È il girone dell’Inferno. Aveva ragione la giudice ad augurarmi buona fortuna!

“Domattina vado in tribunale e se tutto va bene a mezzogiorno sono in ufficio” penso mentre organizzo la giornata. È un’avventura: sveglia presto per essere la prima davanti al cancello del tribunale, attendere le otto e mezza, prendere il biglietto e poi gironzolare fino alle dieci quando l’ufficio apre ai clienti. Ci va una mattinata. E non ne basta una sola: vado la prima volta a chiedere cosa devo fare, la seconda a consegnare (sperando di non avere fatto errori) e poi altre due o tre per ritirare l’atto (la prima non è ancora pronto, la seconda non c’è l’impiegato, la terza, se sono fortunata, me lo consegnano ma solo dopo aver comprato le marche da bollo e fatto le fotocopie). Un supplizio al supplì!

Per fortuna c’è la pasta di riso ad attendermi al bar.

In quell’ora e mezza di attesa, qualche volta, accendo il computer, rispondo alle mail, alle telefonate e leggo documenti di lavoro.

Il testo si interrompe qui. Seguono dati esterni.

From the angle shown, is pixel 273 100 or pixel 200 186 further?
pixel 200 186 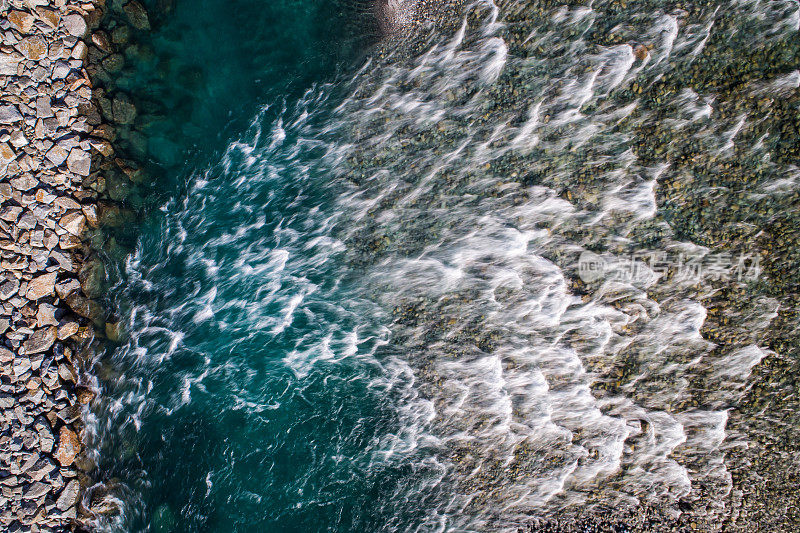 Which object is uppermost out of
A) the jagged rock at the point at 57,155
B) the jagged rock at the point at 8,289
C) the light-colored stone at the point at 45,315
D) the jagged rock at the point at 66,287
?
the jagged rock at the point at 57,155

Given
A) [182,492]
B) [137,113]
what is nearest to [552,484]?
[182,492]

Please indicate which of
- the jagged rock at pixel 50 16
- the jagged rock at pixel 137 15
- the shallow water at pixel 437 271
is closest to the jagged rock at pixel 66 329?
the shallow water at pixel 437 271

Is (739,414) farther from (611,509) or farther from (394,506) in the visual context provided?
(394,506)

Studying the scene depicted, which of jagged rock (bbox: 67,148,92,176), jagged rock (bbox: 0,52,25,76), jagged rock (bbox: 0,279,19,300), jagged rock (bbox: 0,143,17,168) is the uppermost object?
jagged rock (bbox: 0,52,25,76)

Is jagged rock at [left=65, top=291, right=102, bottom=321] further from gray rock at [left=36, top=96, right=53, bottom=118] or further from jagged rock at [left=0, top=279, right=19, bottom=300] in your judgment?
gray rock at [left=36, top=96, right=53, bottom=118]

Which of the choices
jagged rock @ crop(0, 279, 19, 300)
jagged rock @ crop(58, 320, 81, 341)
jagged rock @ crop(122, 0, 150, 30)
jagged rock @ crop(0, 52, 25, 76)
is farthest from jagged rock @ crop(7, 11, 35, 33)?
jagged rock @ crop(58, 320, 81, 341)

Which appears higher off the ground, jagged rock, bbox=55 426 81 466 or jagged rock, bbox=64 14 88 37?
jagged rock, bbox=64 14 88 37


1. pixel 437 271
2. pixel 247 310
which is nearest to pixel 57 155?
pixel 247 310

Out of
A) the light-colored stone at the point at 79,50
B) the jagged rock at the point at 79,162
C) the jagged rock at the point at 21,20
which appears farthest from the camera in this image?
the jagged rock at the point at 79,162

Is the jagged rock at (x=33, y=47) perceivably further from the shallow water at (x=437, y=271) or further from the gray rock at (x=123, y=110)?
the shallow water at (x=437, y=271) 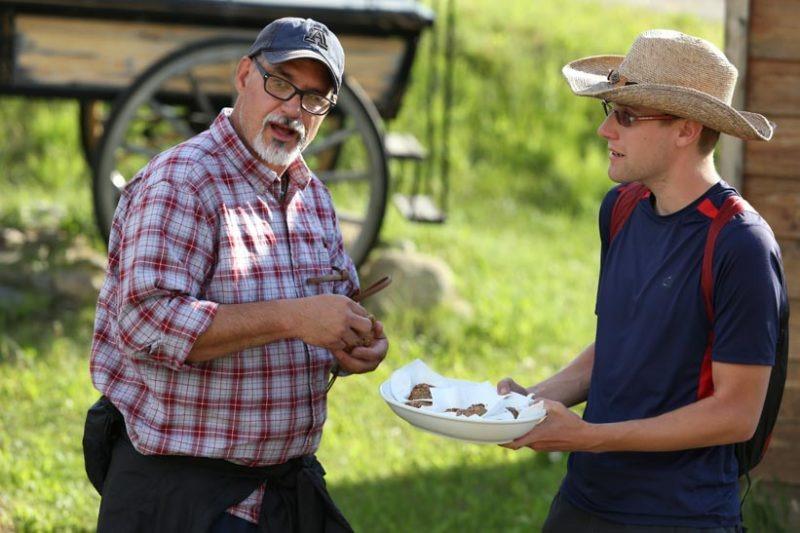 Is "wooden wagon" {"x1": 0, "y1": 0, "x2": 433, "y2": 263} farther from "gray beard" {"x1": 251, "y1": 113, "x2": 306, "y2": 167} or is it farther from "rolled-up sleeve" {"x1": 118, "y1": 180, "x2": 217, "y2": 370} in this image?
"rolled-up sleeve" {"x1": 118, "y1": 180, "x2": 217, "y2": 370}

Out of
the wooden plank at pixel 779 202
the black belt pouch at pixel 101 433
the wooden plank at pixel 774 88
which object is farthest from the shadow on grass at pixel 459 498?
the black belt pouch at pixel 101 433

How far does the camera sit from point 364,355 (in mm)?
3316

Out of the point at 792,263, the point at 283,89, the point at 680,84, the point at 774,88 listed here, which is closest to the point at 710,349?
the point at 680,84

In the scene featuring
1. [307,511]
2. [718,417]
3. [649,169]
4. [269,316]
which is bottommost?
[307,511]

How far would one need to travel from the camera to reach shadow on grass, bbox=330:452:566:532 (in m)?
5.35

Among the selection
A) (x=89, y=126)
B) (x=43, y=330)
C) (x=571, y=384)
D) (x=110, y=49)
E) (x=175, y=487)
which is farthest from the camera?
(x=89, y=126)

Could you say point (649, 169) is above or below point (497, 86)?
above

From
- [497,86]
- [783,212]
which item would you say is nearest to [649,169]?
[783,212]

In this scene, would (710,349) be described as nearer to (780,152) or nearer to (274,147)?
(274,147)

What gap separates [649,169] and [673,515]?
81cm

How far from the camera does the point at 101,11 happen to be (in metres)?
7.25

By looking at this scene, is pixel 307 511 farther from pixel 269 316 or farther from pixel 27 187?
pixel 27 187

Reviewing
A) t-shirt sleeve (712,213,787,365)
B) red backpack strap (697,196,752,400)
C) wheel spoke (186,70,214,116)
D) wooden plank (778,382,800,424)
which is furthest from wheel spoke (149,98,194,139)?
t-shirt sleeve (712,213,787,365)

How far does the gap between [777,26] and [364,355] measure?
2376mm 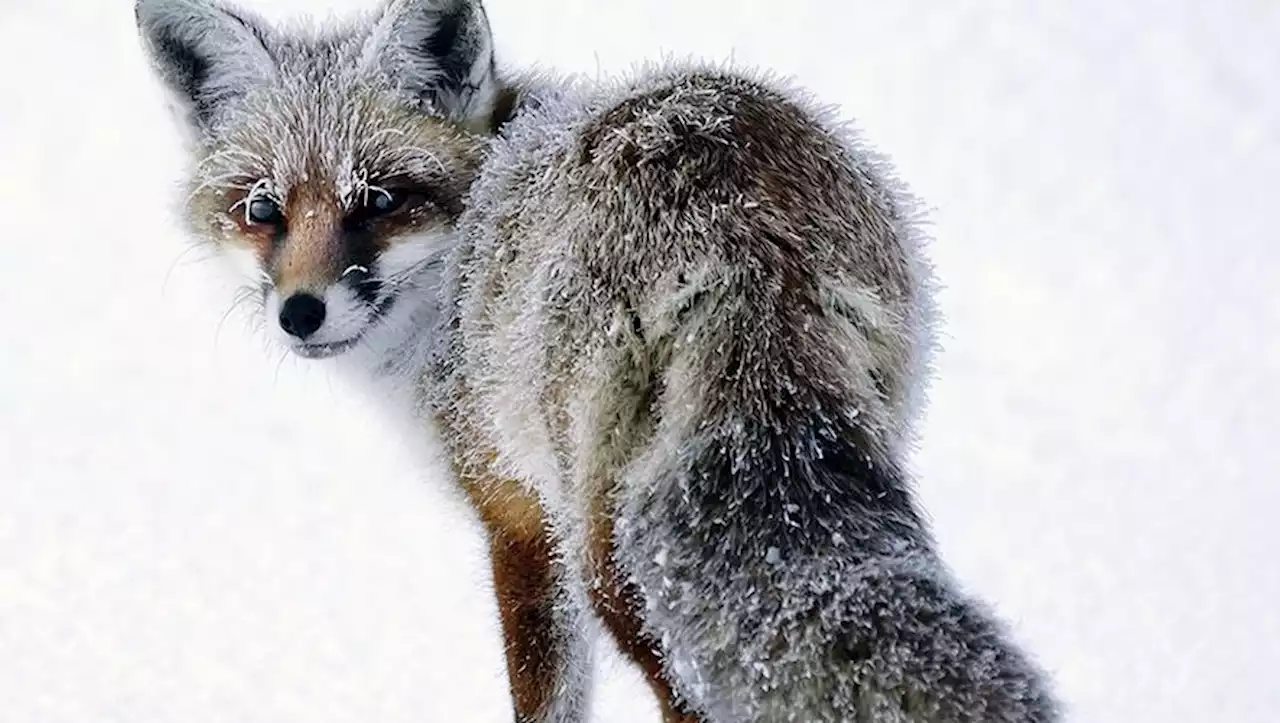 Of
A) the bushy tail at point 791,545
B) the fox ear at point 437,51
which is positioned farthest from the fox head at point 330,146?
the bushy tail at point 791,545

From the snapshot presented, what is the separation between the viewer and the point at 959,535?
521cm

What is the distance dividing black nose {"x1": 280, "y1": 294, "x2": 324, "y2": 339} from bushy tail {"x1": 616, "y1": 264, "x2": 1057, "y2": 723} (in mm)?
976

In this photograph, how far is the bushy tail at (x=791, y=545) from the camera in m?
2.15

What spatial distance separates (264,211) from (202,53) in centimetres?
51

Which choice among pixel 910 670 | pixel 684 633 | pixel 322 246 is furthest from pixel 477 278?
pixel 910 670

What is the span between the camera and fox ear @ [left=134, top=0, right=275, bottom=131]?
3502 mm

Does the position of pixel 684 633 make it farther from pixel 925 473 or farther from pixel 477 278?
pixel 925 473

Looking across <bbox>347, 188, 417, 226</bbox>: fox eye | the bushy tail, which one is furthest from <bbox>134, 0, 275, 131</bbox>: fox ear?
the bushy tail

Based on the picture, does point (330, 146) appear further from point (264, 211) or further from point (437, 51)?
point (437, 51)

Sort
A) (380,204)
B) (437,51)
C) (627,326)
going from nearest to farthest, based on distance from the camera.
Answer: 1. (627,326)
2. (380,204)
3. (437,51)

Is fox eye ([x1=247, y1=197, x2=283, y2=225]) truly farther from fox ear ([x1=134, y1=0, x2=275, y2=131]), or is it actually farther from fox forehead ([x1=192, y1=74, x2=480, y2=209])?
fox ear ([x1=134, y1=0, x2=275, y2=131])

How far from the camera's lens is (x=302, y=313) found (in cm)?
312

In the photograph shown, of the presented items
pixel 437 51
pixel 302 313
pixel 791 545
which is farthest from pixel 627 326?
pixel 437 51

C’è un salotto con divanetti, tavoli e piante. Mi accomodo lì, in quello spazio fuori dal tempo, dove le persone corrono, sbuffano e attendono.

Mi ripeto ogni giorno che non potevo fare altro. Che alternative avevo? Lasciare la mia nonnina, sangue del mio sangue, nelle mani di uno sconosciuto? Che poi quando la vedono diventano tutti amici suoi. Perché lei è così: tanto rude quanto dolce.

«Buongiorno» mi salutano gioiosi quando entro nella struttura che la ospita. «Che cara la nonna!» aggiungono. Ed è vero. È silenziosa, dorme quasi tutto il giorno e mangia ancora da sola. Rigorosamente frullato.

Ma lo stupore maggiore lo leggo negli occhi dell’impiegato comunale o del funzionare o dell’avvocato quando mi chiedono: «Quando è nata la nonna?»

Chiunque sia la reazione è sempre la stessa. Voi come reagireste se rispondessi 22 luglio 1913?